Prove $\mid$x-1$\mid$+$\mid$x+5$\mid$ $\ge$ 6 for all real numbers

Question

I need to prove it with proof by cases. I graphed it out and it seems that I need to put into 2 cases which is when x$>$1 and x$>$-5. But this where my problem is, how do plug that back into the statement? Would it just be calculating (x-1)+(x+5)?

Answer 1

We have, the real function of the real variable $f(x)=\sum_{i=1}^n |x-\alpha_i|,$ for which $\alpha_1\geq \dots \geq \alpha_n$ are real numbers. Then,

$ 1)$ If $n$ is odd, then $\min_{x\in\mathbb{R}} f(x)=(\alpha_1+\cdots+\alpha_{\frac{n-1}{2}})-(\alpha_{\frac{n+3}{2}}+\cdots+\alpha_n),$ and minimum is reached when $x=\alpha_{\frac{n+1}{2}}$

$2)$ If $n$ is even, then $\min_{x\in\mathbb{R}} f(x)=(\alpha_1+\cdots+\alpha_{\frac{n}{2}})-(\alpha_{\frac{n}{2}+1}+\cdots+\alpha_n),$ and this minimum is reached for every $x\in[\alpha_{\frac{n}{2}}, \alpha_{\frac{n}{2}+1}]$ if $\alpha_{\frac{n}{2}} \neq \alpha_{\frac{n}{2}+1} $

and attains minimum only for $x=\alpha_{\frac{n}{2}}$ if $\alpha_{\frac{n}{2}} = \alpha_{\frac{n}{2}+1}. $ The above can be proved using calculus.

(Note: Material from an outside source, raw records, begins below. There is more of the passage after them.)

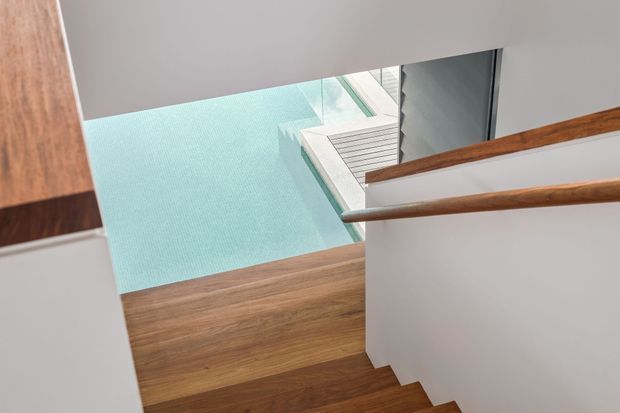 A contemporary stairway viewed from above, with dark timber stair treads and matching timber handrails set against crisp white walls. A large glazed opening beside the stairs provides a view toward a pale turquoise outdoor surface, creating a bright, geometric composition.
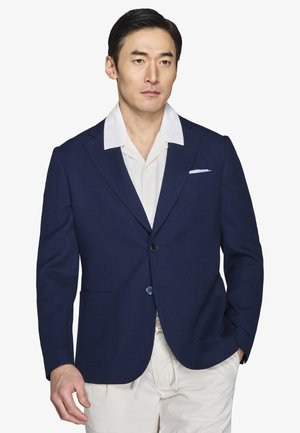 Uomo con blazer blu navy sopra una camicia bianca con colletto e pantaloni chiari, in piedi con una mano in tasca contro uno sfondo neutro.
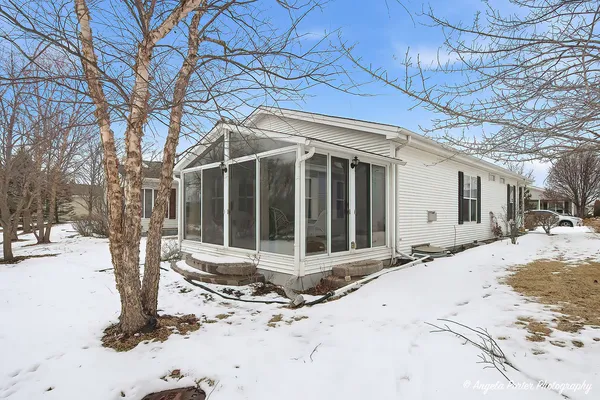 a view of a house with snow on the road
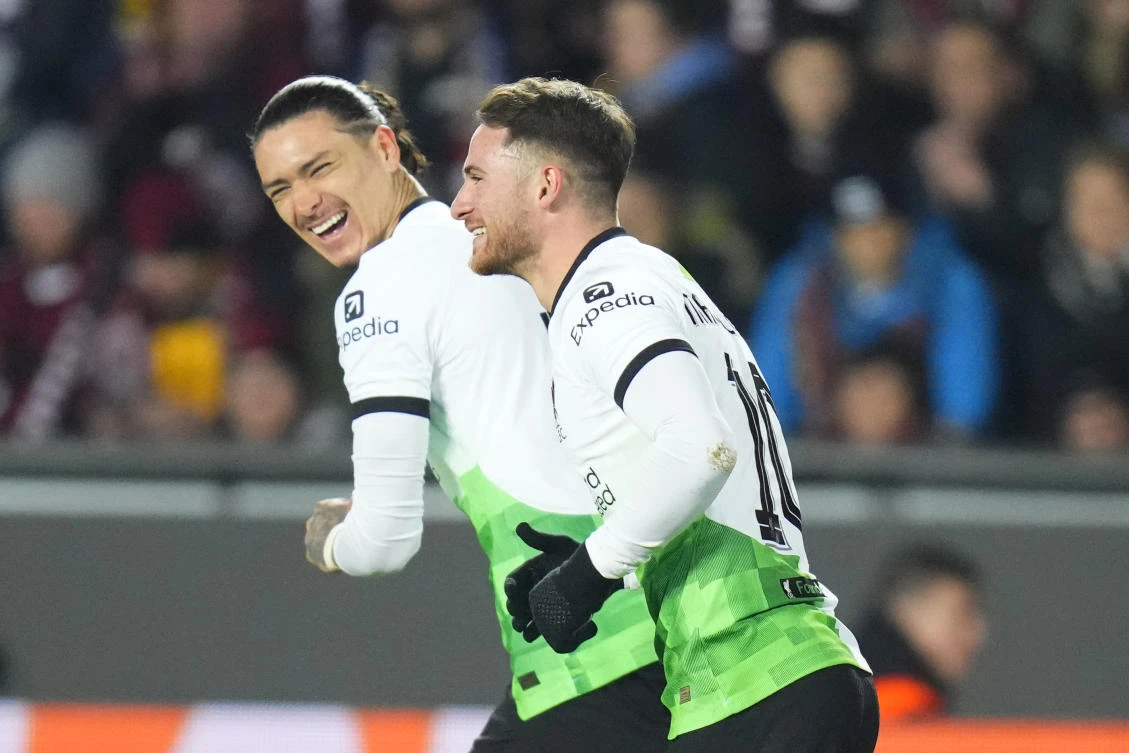 Liverpool’s Alexis Mac Allister celebrates Darwin Nunez after scoring his side’s first goal from the penalty spot during their Europa League round of 16 first leg, match against Sparta Praha at the Epet Arena in Prague on Mar. 7, 2024. (AP)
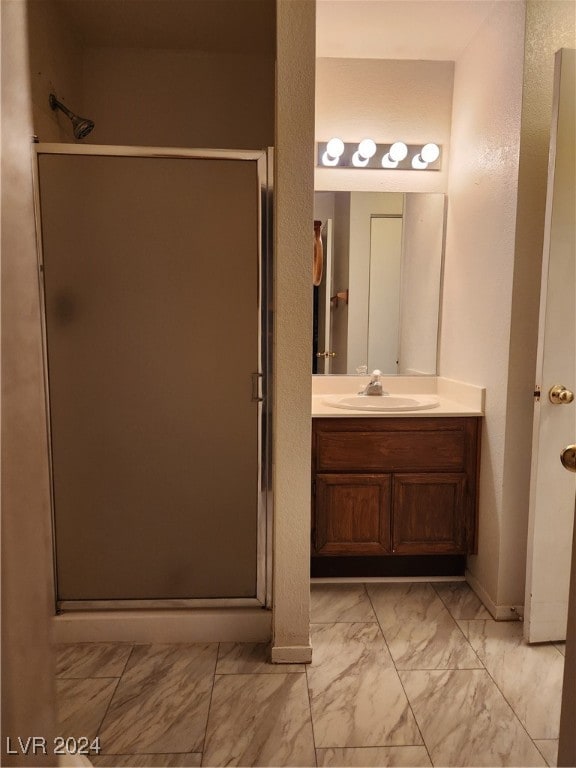 bathroom featuring walk in shower and vanity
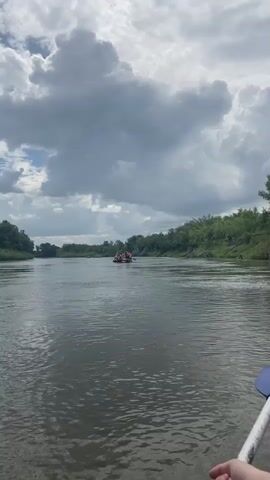 A group of people in orange life vests are on a raft in a wide river. The raft is moving downstream. The riverbanks are lined with trees. The sky is cloudy.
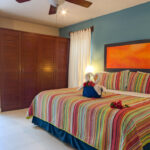 King bedroom with patio access and wooden wardrobe in Abbey del Sol Apartment #8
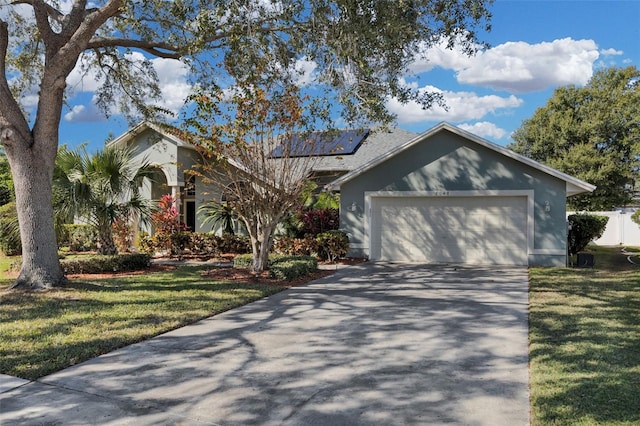 view of front of property featuring solar panels, a garage, and a front lawn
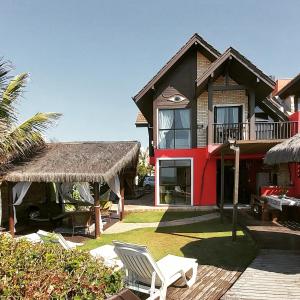 a house with a straw roof and a chair at Pousada Olhos Verdes in Bombinhas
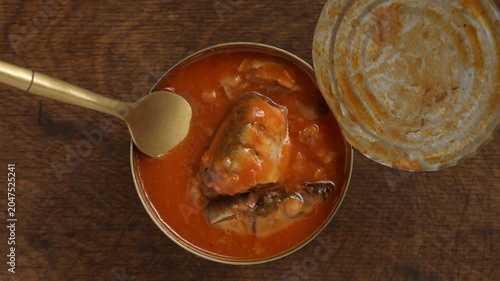 Top view of opened canned fish sprats in red tomato sauce with a golden fork on a dark wooden table, close up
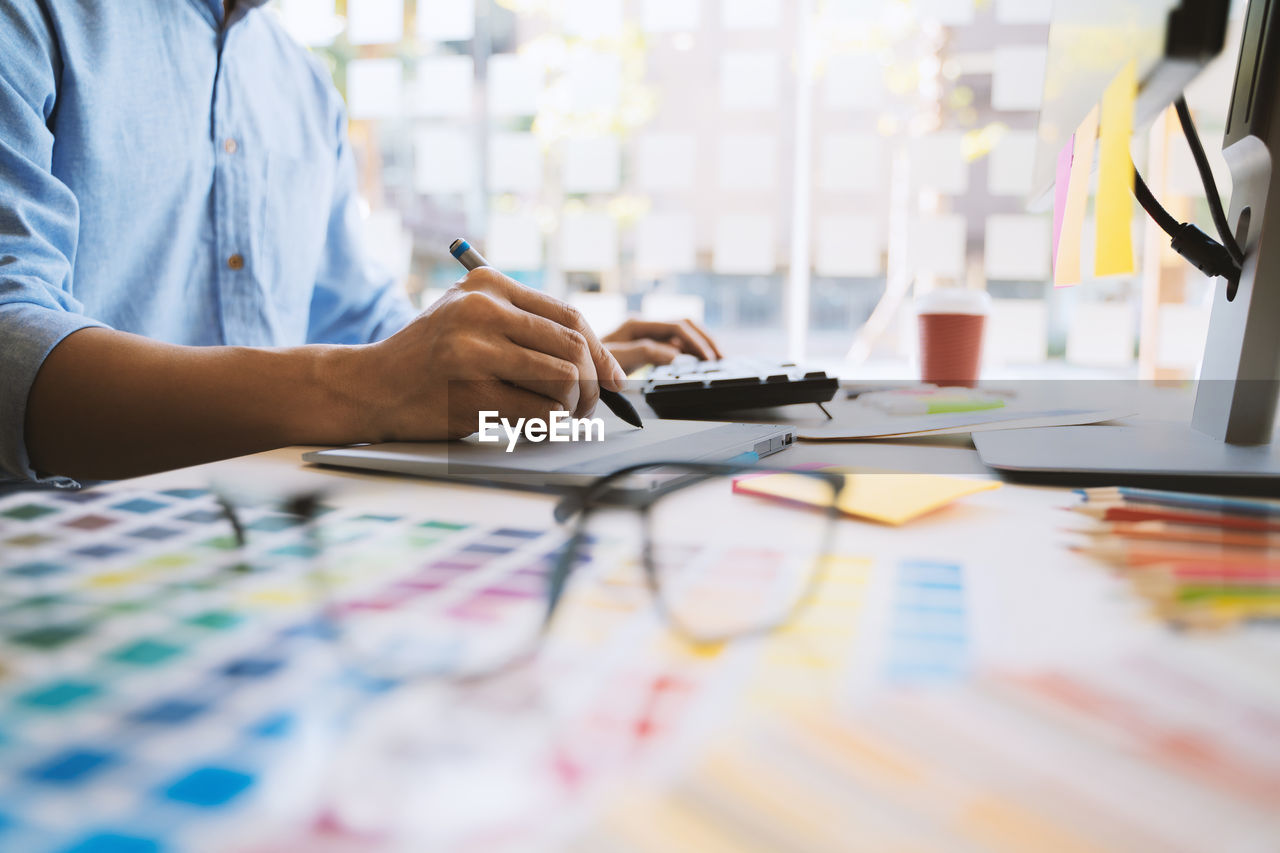 MIDSECTION OF MAN USING MOBILE PHONE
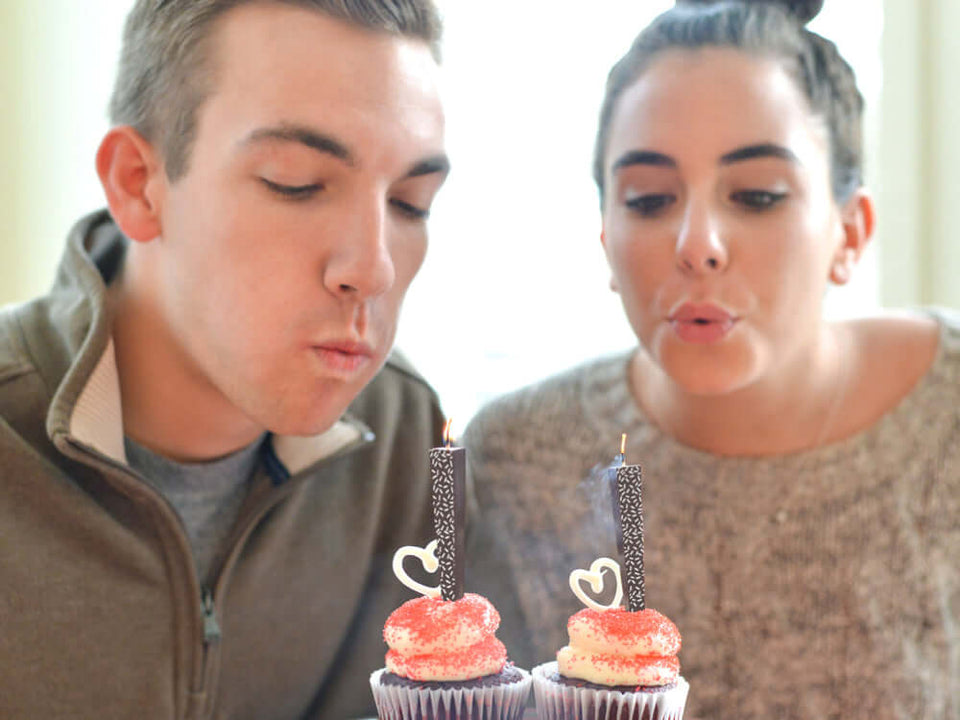 Couple blowing out Edible Dark Chocolate Candles with white sprinkles on cupcakes | Let Them Eat Candles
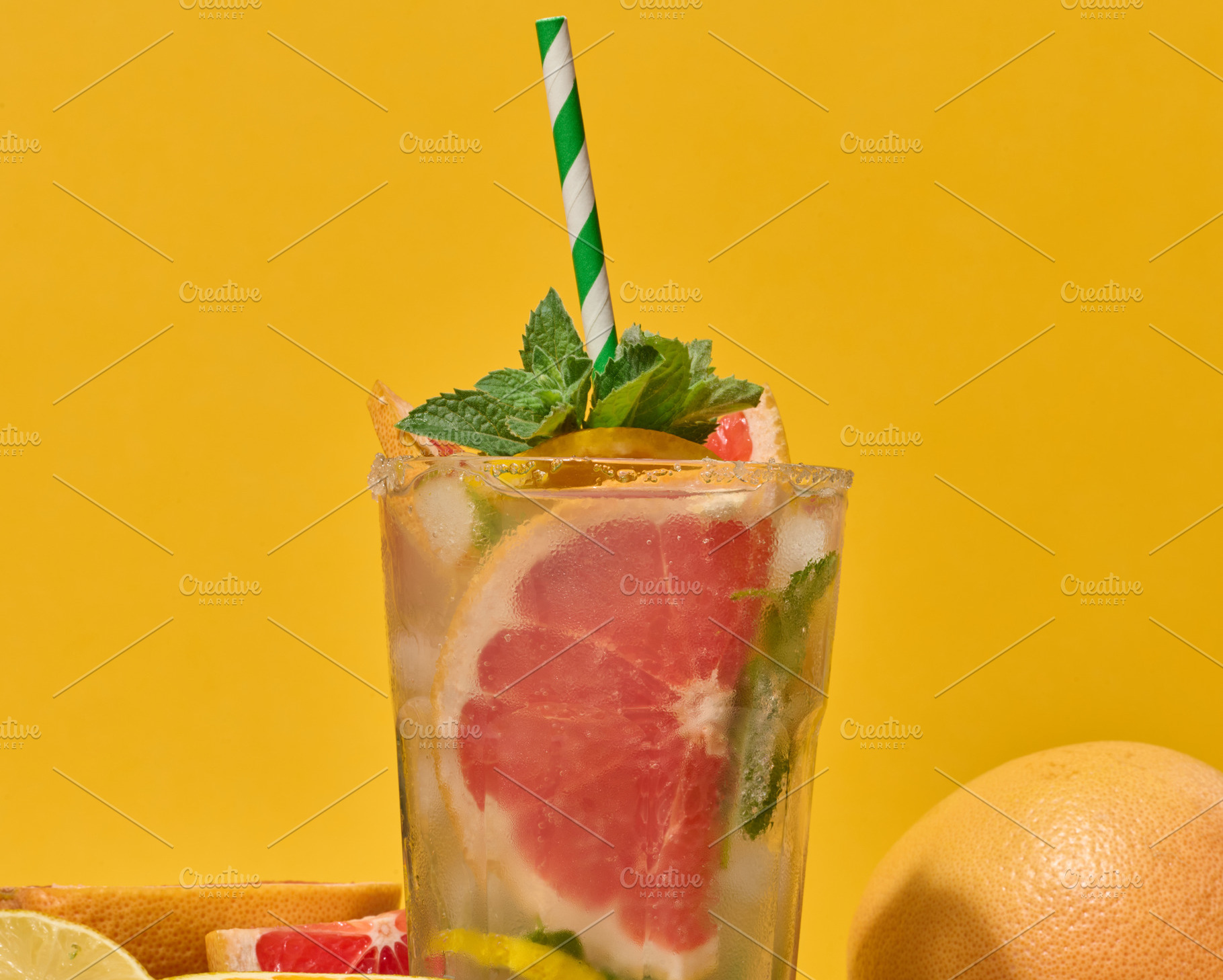 Top of clear glass with cold drink, grapefruit slices, ice and m, a Food & Drink Photo by ndanko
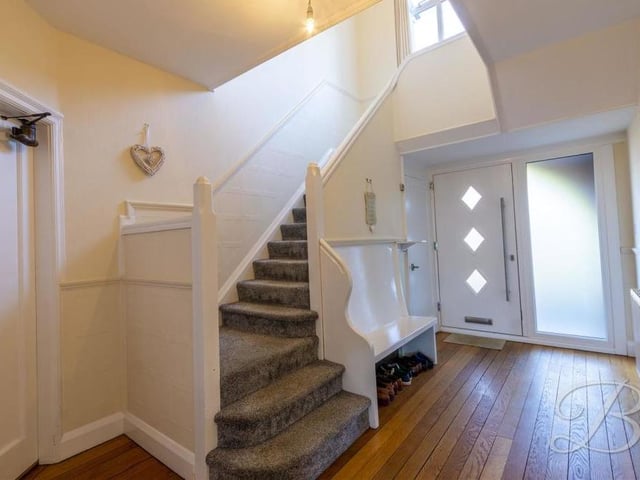 It's time to head upstairs now, which means going back into this splendid hallway, which contains two storage cupboards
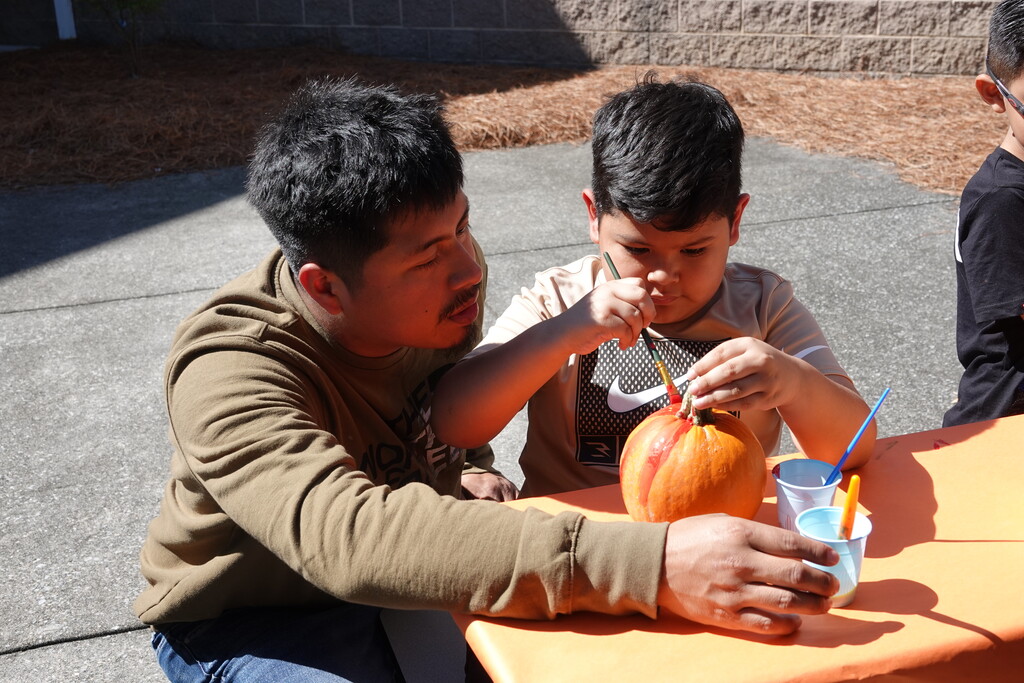 An adult man in an olive long-sleeve shirt leans in close to assist a young boy as he carefully paints red stripes onto a small pumpkin. Small plastic cups filled with paint and water sit on the orange table in front of them.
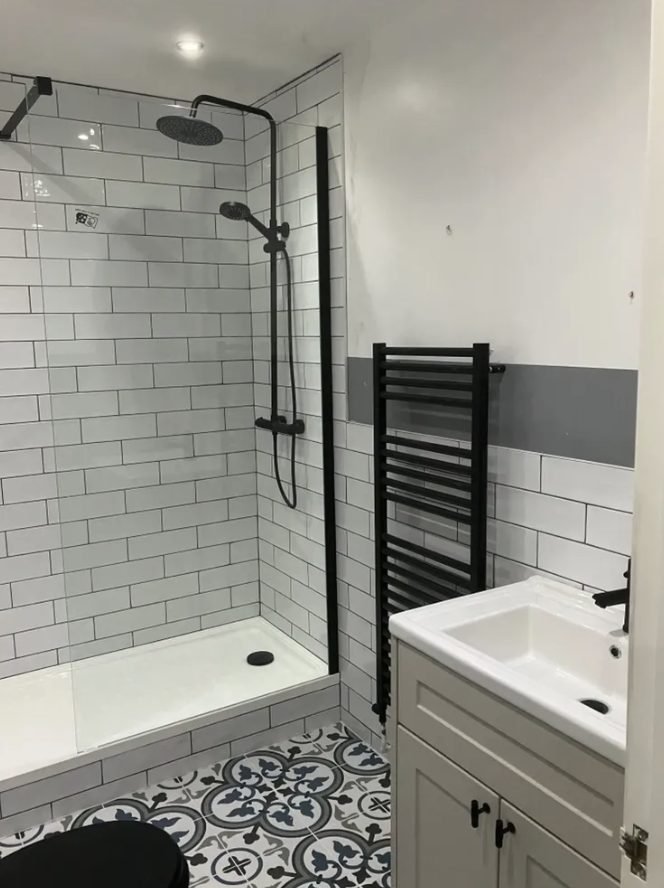 Shower room with white metro tiles, black towel rail and patterned floor tiles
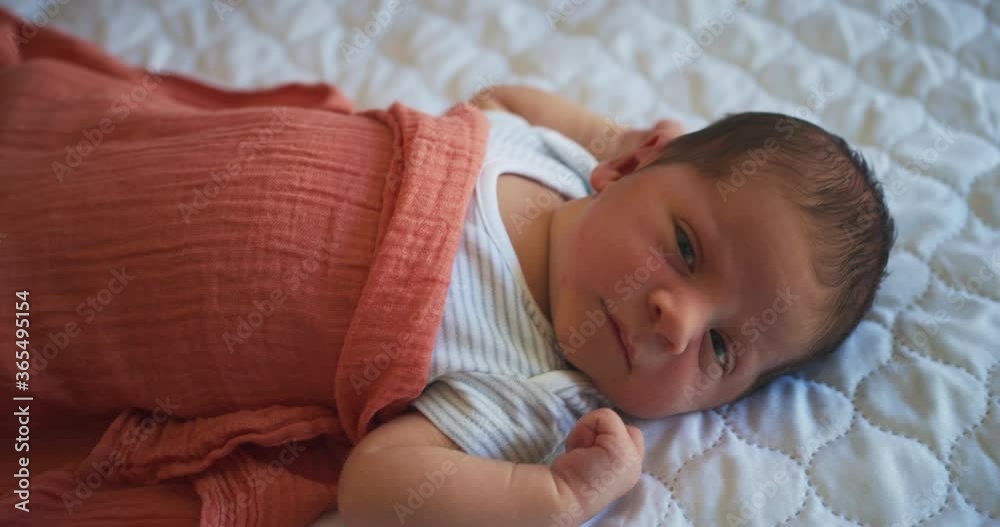 Newborn baby wrapped up in musllin on bed Newborn baby wrapped up in musllin on bed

The given problem is particular case of this. Also can be solved by taking the function as follows.

$ f(x)= \begin{cases} x-1+x+5,& \text{if } x\geq 1\\ 6, &\text{if } x-5 \leq x \leq 1\\ 1-x+5-x,&\text{if } x \leq -5 \end{cases}$ and then calculate critical points and maxima and minimum of this function.

Answer 2

I think there is a typo, and it should read: " $|x+1|+|x-5| \ge 6$". And for this we have: $|x+1| + |x-5| = |-x - 1|+|x-5| \ge |-x-1+x-5| = |-6| = 6$ , by the $\triangle$ inequality.

Answer 3

$y:=x-1$, $y$ real.

Need to show :

$|y|+|y+6| \ge 6.$

$|6| = |(6+y)-y| \le |6+y| +|y|$.

(Triangle inequality).

Answer 4

We can rewrite this as

$$ |x-1| + |x-(-5)| \geq 6 $$

and then it becomes apparent that geometrically, we are looking at the sum of two distances on the number line:

• the distance between $x$ and $1$, and
• the distance between $x$ and $-5$

If $x$ is between $-5$ and $1$, then this is just the distance between $-5$ and $1$, and if it's less than $-5$ or greater than $1$, it should be greater than that distance. Since the distance between $-5$ and $1$ is already $6$, the sum must be greater than or equal to $6$.